Beam scattering and wavefront distortion have always been an arduous hurdle for free-space optical communications. We demonstrate video communication assisted by laser filamentation through a cloud chamber, benefiting from the shock-wave-induced low-density channel. The optical power measured at the receiver exhibits periodic fluctuations dependent on the repetition rate of ultrashort pulse laser. Thus, to stabilize the communication quality, an automatic gain control unit is necessary. The analyses of receiver power, intensity distribution and eye diagram prove the effectiveness of this method. A scheme for long-distance applications has also been proposed.

Introduction

Owing to their large-bandwidth, high data security, license-free spectrum and ease of deployment, free-space optical (FSO) communications have been applied to various areas including laser satellite communications, secure communication and 5G back-haul wireless networks. One of the inevitable problems that should be considered for practical applications is that harsh environments (such as the cloudy and foggy ones) are about to severely degrade the system performances. Unfortunately, conventional optical communication methods, such as high power transmission [1], relay-assisted systems [2], [3], [4], adaptive optics [5], RF/FSO hybrid systems [6], multiple-input multiple-output (MIMO) [7], are normally accompanied with the unwanted issues such as high power induced nonlinearity [8] and system complexity [9]. Some studies attempted to employ high-power CO2 lasers to evaporate water droplets in foggy environment. However, the required high laser power limits the applications of this method [10], [11], [12], [13]. More interestingly, femtosecond laser may provide a promising scheme to tackle the above issue [11]. As a femtosecond pulse is propagating in air, the dynamic balance between Kerr self-focusing and defocusing in plasma will lead to the emergence of filamentation [14]. Due to its highly clamped intensity (~5 × 1013 W·cm−2 @800 nm), low average power and unique nonlinear process, laser filaments has found various applications in the fields of atmospheric remote sensing [15], [16], [17], weather control [18], guiding lightning [19], [20], intense few-cycle laser fields [21], [22] and terahertz radiation sources [23], [24], etc.

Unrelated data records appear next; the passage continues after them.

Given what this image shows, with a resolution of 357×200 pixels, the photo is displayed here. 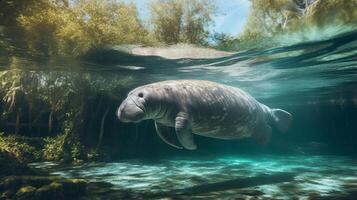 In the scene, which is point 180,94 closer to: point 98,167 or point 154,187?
point 154,187

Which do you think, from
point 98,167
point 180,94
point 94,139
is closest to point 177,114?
point 180,94

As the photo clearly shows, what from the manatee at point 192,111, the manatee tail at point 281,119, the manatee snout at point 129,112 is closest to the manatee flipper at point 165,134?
the manatee at point 192,111

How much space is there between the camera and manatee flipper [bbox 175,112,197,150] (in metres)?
7.35

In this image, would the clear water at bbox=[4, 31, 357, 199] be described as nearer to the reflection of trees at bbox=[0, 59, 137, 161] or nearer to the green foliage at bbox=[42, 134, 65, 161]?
the reflection of trees at bbox=[0, 59, 137, 161]

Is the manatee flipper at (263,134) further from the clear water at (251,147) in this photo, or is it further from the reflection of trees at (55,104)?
the reflection of trees at (55,104)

The most exciting fact in this aspect is that the filaments onset and length can be both controlled for a distance up to several kilometers with current technologies [25], [26], [27], [28], [29]. Moreover, the plasma formation in cloud droplets is prior to the generation of filaments in the air due to droplet focusing effect [30], [31]. The filamentation-induced channels significantly ease wireless laser communications in harsh environments. In 2014, Alexandru Hening et al. firstly proposed the concept of laser filaments for optical communication [32]. Recently, Jean-Pierre Wolf et al. studied the interaction mechanism between femtosecond laser pulses and water droplets and drew the conclusion that the quasi-steady-state regime would benefit from laser pulses of kHz repetition rate [11]. Zhang et al. utilized the transient coupling model to investigate the evolution of laser-induced plasma in water cloud [31]. Although these innovations overcame major difficulties in the implementation of filamentation clearance technique, the progress in applying laser filamentation for optical communications is rather slow, and many related issues, such as demand for high-performance laser (peak power, repetition rate, pulse duration, chirp), tunability of filament features (filament length, self-focusing distance, spatial distribution) and low beam divergence, have not been thoroughly resolved.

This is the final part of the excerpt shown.